By P Kharel
Nepal’s foreign policy has gone down rock bottom, unable to utter any official reaction on the latest war triggered by the United States and Israel combine against Iran. It might be aping India. Gone are days when Nepal protested against Soviet intervention in Czechoslovakia in 1968 and another Soviet military move in Afghanistan in 1979. On both occasions, India did not come out against Moscow’s action. In 1979, it sent its Foreign Minister IK Gujaral to Kabul in recognition of the Soviet-propped up government.
Going by the daily events and comments emanating from Washington and Tehran, the on-going war is far from over. Iran lays down three preconditions to end war not on American President Donald Trump’s claim but on its own terms: recognition of Iran’s legitimate rights, payment of reparations and international guarantees against future aggression. It all shows that Tehran is far from done, and the fighting goes on escalated.
Iranian leaders talk of “a tooth for a tooth” and “an eye for an eye” whereas US establishment figures warn of “unimaginable” consequences for the Tehran rulers. Trump has been claiming victory since a fortnight while Iranian Prime Minister Masoud Pezeshkian and the newly chosen Supreme Leader Mojtaba Ayatollah, the late Ayatollah’s Ali Khamenei’s son, echo firmly defiant statements.
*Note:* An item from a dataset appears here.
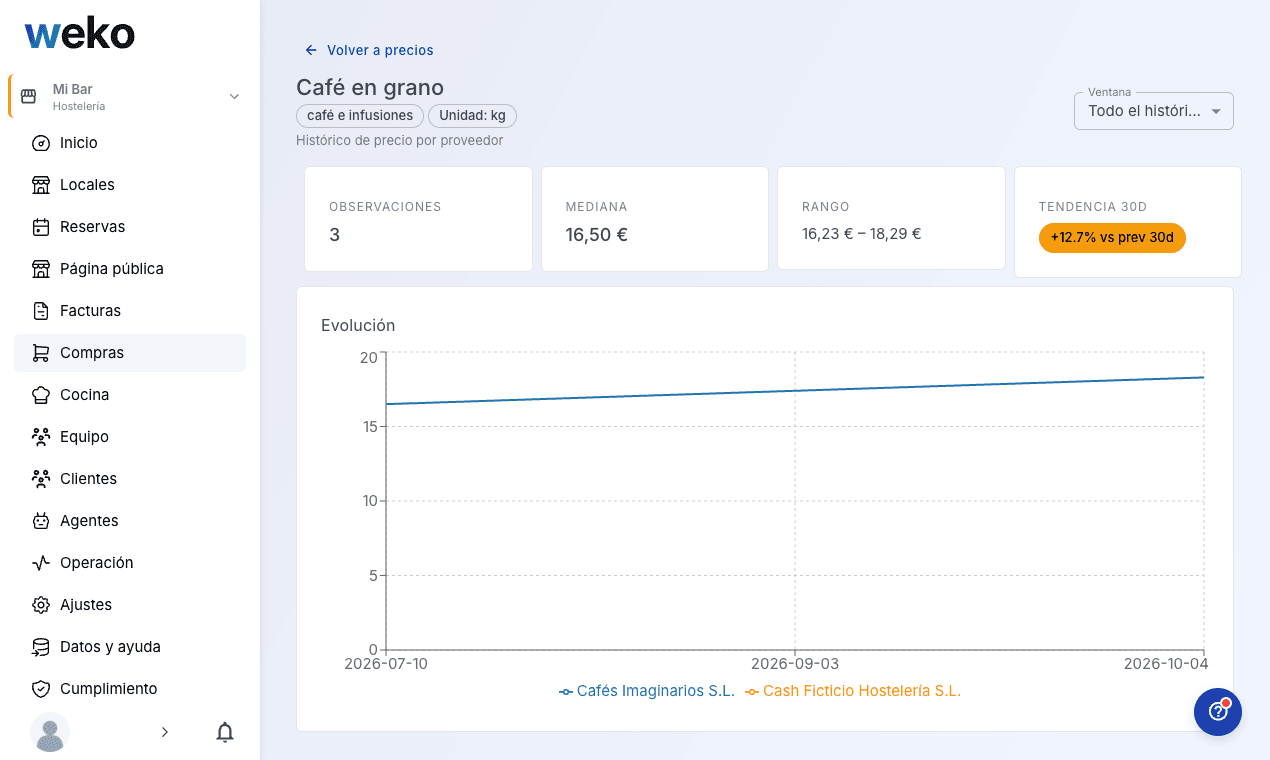 Captura de Weko: aviso de subida de precio de un proveedor.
Which means aggravation. Tehran cannot win the war but can drag the superpower into a protracted conflict that will wear down American public patience and the tolerance power of American allies in especially Europe, Australia and next-door Canada.
Apparently, the purpose is to wear down each other in the two belligerents. The Trump team and security bosses had anticipated the Iranian regime to collapse as soon as its 87-year-old supreme leader Ayatollah Khamenei and two scores of top-notch army personnel and other close aides were killed. Above all, 167 elementary school kids were struck with precision targeting missiles.
SHALLOW CLAIM: The predicted disarray and regime change did not happen; nor did the war stop as quickly as it started. Now into the fourth week, the US-Israel war against Iran continues, even as each deadly hour fuelled the worries of the rest of the international community—some with stony silence, a few in murmurs and a handful in open comments.
Operation Epic Fury proves to be an epic folly when engaging with a “pariah” state that has defied Washington for 45 years. Iran ignores the unannounced but reluctant American white flag for a truce amidst Tehran’s Operation True Promise of steely determination to avenge what the assassination of its supreme leader amidst comments from both the capitals that a breakthrough was very close.
Hezbollah, operating from Lebanon, strikes and so does Iran. Three Israeli cities, including Tel Aviv and Haifa have been hit hard. Pro-Iran Iraqi militant groups, including Shia militants, have attacked American military bases and assets in Iraq and Kuwait.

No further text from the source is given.